Most are bought by legitimate wholesalers who take another 20 pence per
packet before selling them to British tobacconists. They are then sold at
about £4.20 a packet to take account of duty at around £3.50 a packet,
leaving the newsagent with around 20 pence profit per packet.

However, a vast amount - an estimated £1.8 billion worth by Imperial alone
this year - is being sold to overseas distributors, some of whom are just
as quickly diverting it into a huge worldwide smuggling operation.

Back on the streets of Britain the cigarettes, especially those popular in
the North, like Superkings and Regal - made by Imperial - or Sovereign -
made by Gallaher - are sold for £2.50 per packet. The focus of this trade
in the Mediterranean is Limassol, where the cigarettes arrive by container
from Britain. They are taken to warehouses in the port's free trade zone
and stored.  They are then distributed to markets such as Eastern Europe,
Dubai, the Baltic states and parts of former Yugoslavia.

But these are what is known in the trade as "phantom markets". Somehow,
the big cigarette firms have been persuaded to sell billions of cigarettes
to markets that can't sustain such numbers.

What then happens is the inflated consignments are absorbed by the
smuggling gangs and redirected, often with great sophistication, to
Britain. Typically, five containers "for the local market" will be sent
to, say, Montenegro.

Most of those 40ft containers will find their way into the hands of
smugglers who bribe customs officials to turn a blind eye to the cargo. A
container costing £5,000 to ship can earn the smuggler £1 million. The
smugglers are mostly part of organised East European crime syndicates
which have moved into tobacco smuggling because the profit margins are
high and there is considerably less risk than in drug smuggling.

Before Cyprus started importing six billion British cigarettes, Andorra
took in 1.5 billion - which represents a 140-a-day habit for every man,
woman and child in the tiny Pyrenean state. Spanish and Andorran Customs
closed the loophole and the smugglers moved on.

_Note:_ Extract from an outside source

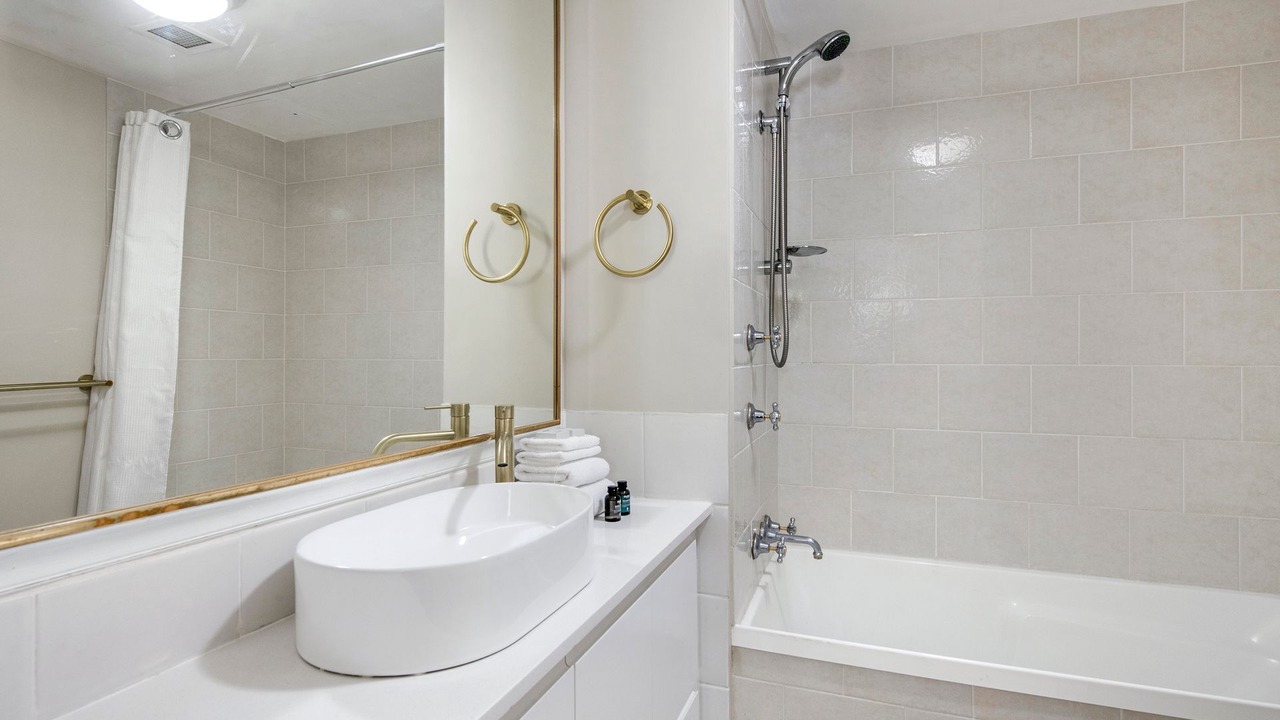 Photo of Bathroom in Mermaid Beach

Before Andorra was closed to smugglers, only 435 million British
cigarettes were shipped to Cyprus. Immediately afterwards, around 11
billion were sent, which has now stabilised at six billion.

A British Customs spokesman says officers were on target to seize two
billion illegally imported cigarettes last year. One billion of these are
expected to have been made by Imperial.

If, as Customs & Excise claims, seizures represent a mere 10 per cent of
total cigarettes smuggled into Britain, this means Imperial alone will
probably have 10 billion cigarettes smuggled into Britain this year - well
over half the 16 billion the firm legally exported. There is increasing
concern that the major tobacco companies should do more to prevent
smuggling.

British American Tobacco (BAT) is currently under Department of Trade and
Industry investigation for allegedly encouraging smuggling following a
House of Commons Health Select Committee report on the tobacco industry.

The EU is taking American firms Philip Morris and RJ Reynolds to court in
New York accusing them of smuggling cigarettes into Europe, money
laundering, racketeering and organised crime.

The big tobacco firms are exporting huge amounts of cigarettes to
countries they know have no sufficient market for them, investigators
allege, and are not carrying out rigorous enough checks to prevent them
being smuggled back into Britain.

Certainly, profits from overseas markets are booming for Britain's big
tobacco firms.

In 1999, Imperial's international cigarette sales increased by 40 per
cent, to 16.5 billion cigarettes. Its operating profit in the first half
of 2000 was £115 million, compared with £93million in the same period in
1999.

Gallaher increased first half year volumes in 2000 to 8.6 billion
cigarettes, up from 6.8 billion cigarettes in 1999. Both companies deny
collusion in smuggling and say they deplore it.

A spokesman for Imperial said: "We strongly deplore cigarette smuggling
and we do everything we can to assist Customs by stamping it out."

A spokesman for Gallaher said: "Gallaher deplores smuggling and uses every
opportunity to bring it to the attention of the Government."